Monday, 18 August 2008
Halfwits and Twothirds-Twits...
Deciphering the Secret Meanings of Songs, or perchance reading too much into it all. Lyrical analysis of sorts, in any case.
Try Not to Breathe (R.E.M.)
"I will try not to breathe,
I can hold my head still,
with my hands on my kness.
I need something to breathe.
I will try not to burden you,
I can hold this inside.
I will hold my breath
till all these shivers subside.
I will try not to worry you,
I have seen things that you will never see.
I shudder to breathe ."
As it can undoubtedly be inferred from the excerpt above, the aforementioned song from R.E.M.'s Automatic for the People clearly has a narrative structure. The song depicts a sufferer of Irritable Bowel Syndrome, who -in an unnamed location- has a heavily-seasoned dinner (possibly, yet not certainly, a hot Indian Curry), as a result of which he/she is afflicted by a particularly violent attack of diarrhoea. The narrator of the song has obviously not dined alone and, thus, the song is addressed to his/her date, from the latrine over which the narrator is currently squatting. As the song goes: "I will try not to breathe, / I can hold my head still, with my hands on my knees (...)." Our diarrhoeic hero even attempts to halt his watery excretions at a certain point in the narrative, whilst getting the world-famous vindaloo-sweats: "I will try not to burden you, / I can hold this inside. I will hold my breath / till all these shivers subside."
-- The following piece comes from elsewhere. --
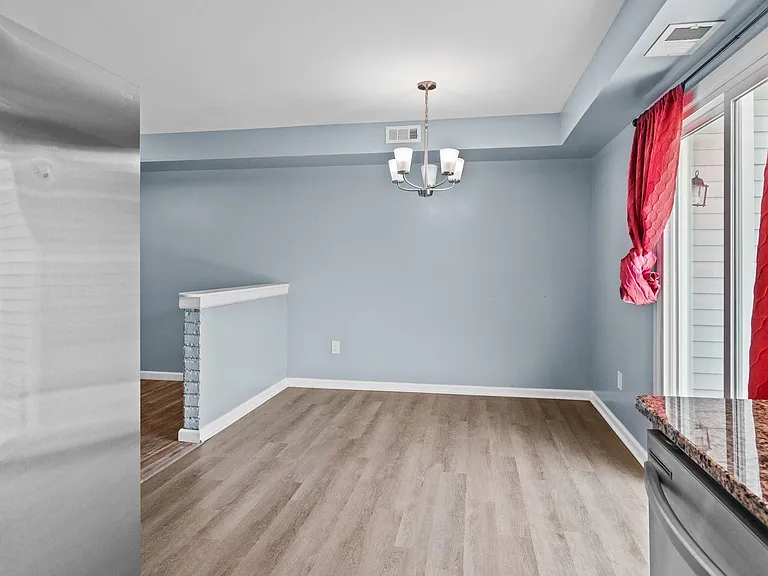 1392 Argyle Way — Photo 17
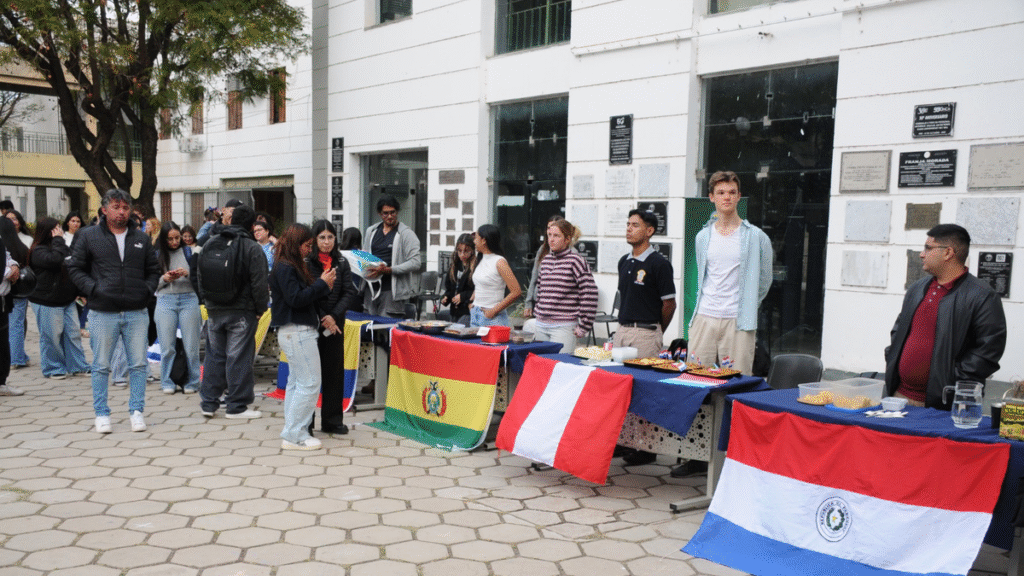 Con amplia participación estudiantil, se realizó la 7.ª Feria Académica Internacional de la UNCA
The protagonist of the song looks down into the septic pit under his feet and, looking into the abyss, the abyss stares back at him: "I will try not to worry you, / I have seen things that you will never see." Even the title of the song -Try Not to Breathe- refers to the pungent stench of the only partially digested turmeric-infused, cardamon-imbued, chilli-riddled amalgam of meat and rice. "I shudder to breathe," he/she affirms, as the song approaches its almost dysenteric end.